My post today is meant to cordially counter that argument, with the disclaimer that I work for a regulatory technology business that helps businesses archive, report on, and supervise such communications.
Compliance departments are well-poised to handle the challenge about which Mr. Jacobson speaks, and it’s totally within their competency and wheelhouse to do so, considering their closely related responsibilities, the assistance they can and should receive from colleagues and regulatory technology, and the nature of the skill sets compliance officers possess today.
According to digital consultancy Kepios’ January 2023 data report, 59.4 percent of the population of the planet uses social networking platforms regularly — 4.76 billion people. And the number of users is growing at an annualized rate of three percent.
All of which means the way we communicate with each other, including the way we do business, has changed completely, and the compliance and risk departments of businesses — as well as regulatory and law enforcement entities themselves — must evolve with these changes.
The decision to adopt and use any new technology to transact business and certainly to communicate about such transactions has always needed a proper analysis of the compliance risk.
The Securities and Exchange Commission and Financial Industry Regulatory Authority have been addressing these issues for years (see here and here, the latter one having been amended last year with a compliance date of May 3), making any emphasis on a need to monitor communications associated with messaging apps an extension of regulated entities’ risk-monitoring and reporting obligations.
At the DOJ, an agency that has been quite vocal about its cooperation credit regime and how to earn such credit in seeking a declination, it is logical that a demonstrated effort on a business’s part to preserve and produce evidence would be a feature of its revised Evaluation of Corporate Compliance Programs (ECCP).
In referring to the DOJ’s updated ECCP, the DOJ’s Criminal Division Chief Kenneth Polite (a former chief compliance officer) has said that chief compliance officers are well-suited to explain how compliance programs have been tested and adapted to meet the challenges of ever-changing risk, noting that doing so within investigations enables the compliance team to showcase its ownership of the compliance program.
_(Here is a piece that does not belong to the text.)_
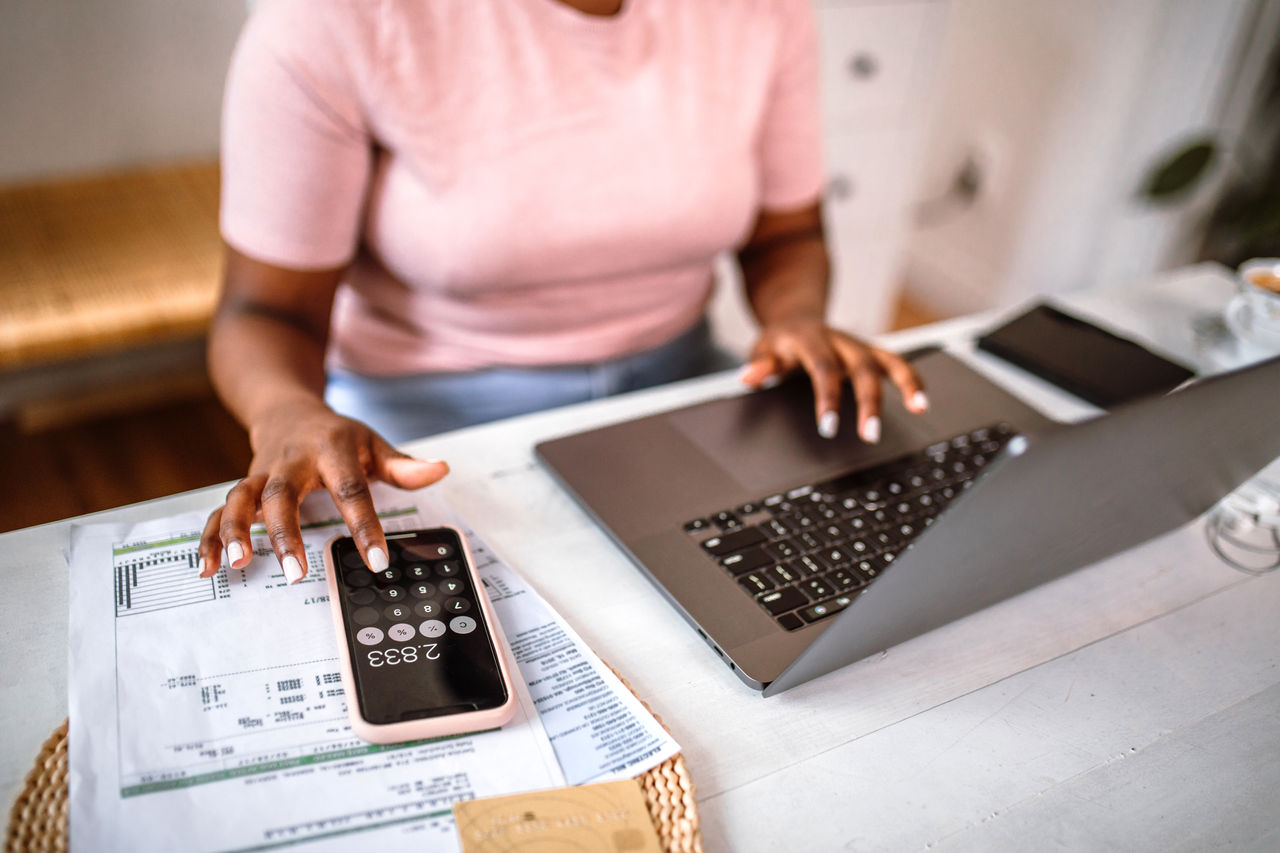 Woman managing home finances using smart phone calculator app and laptop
But he also emphasizes that they should not be operating in this arena alone — nor should this be implied in any of DOJ’s recent policy developments. Polite says “[o]ther senior management should also participate, taking ownership of their role in the compliance program and demonstrating a commitment to compliance.”
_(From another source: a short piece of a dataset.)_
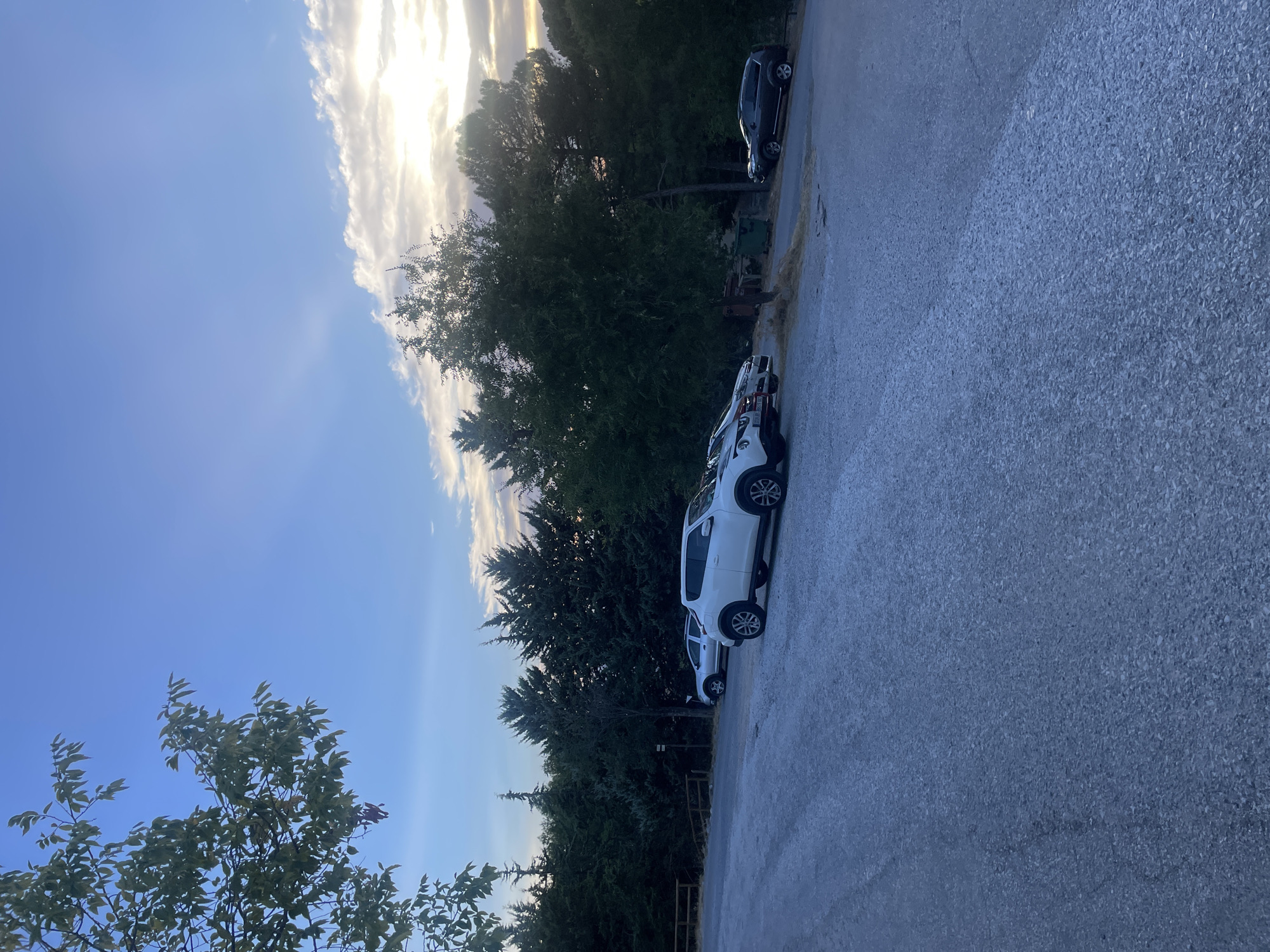 The image depicts an outdoor scene at a parking area situated in the city of Víznar, Spain. The time of day appears to be late afternoon or early evening, as indicated by the soft, diffused sunlight casting through a partly cloudy sky. The foreground is dominated by a gravel and asphalt surface, indicative of a parking lot.
Several vehicles are parked in the lot. A white compact SUV is prominent in the center-right of the frame, facing to the left. To its left, a silver sedan is parked. Further to the right and slightly further back, a dark-colored SUV is parked, also facing left. The trees lining the back of the parking lot are lush and green, with a dense canopy creating a shaded backdrop. A wooden fence is visible to the far left, bordering the parking area. The sky is a gradient of blue, transitioning to lighter tones near the horizon where the sun is partially obscured by clouds, creating a soft, atmospheric light. There are no people visible in the image. The scene is tranquil and appears to be a common area for parking, possibly near a park or a natural reserve given the surrounding foliage.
That means the compliance officer, along with his or her colleagues in information security, operations, legal, and other areas, will have a role to play. The CCO will not carry the load alone, which is the case whether we are talking about preserving data from messaging apps or other types of data produced by the business.
To that end, there is regulatory technology that can help these professionals monitor, store, produce, and report effectively on communications from a variety of channels – whether you’re talking about email, intranet, social media comms, instant messaging, blogs, video conferencing, or others.
(You knew I’d get to that part of my blog post at some point!)
In sum: Today’s compliance department is already equipped professionally — and can be equipped technologically — to meet yet another challenge in an ever-changing risk landscape.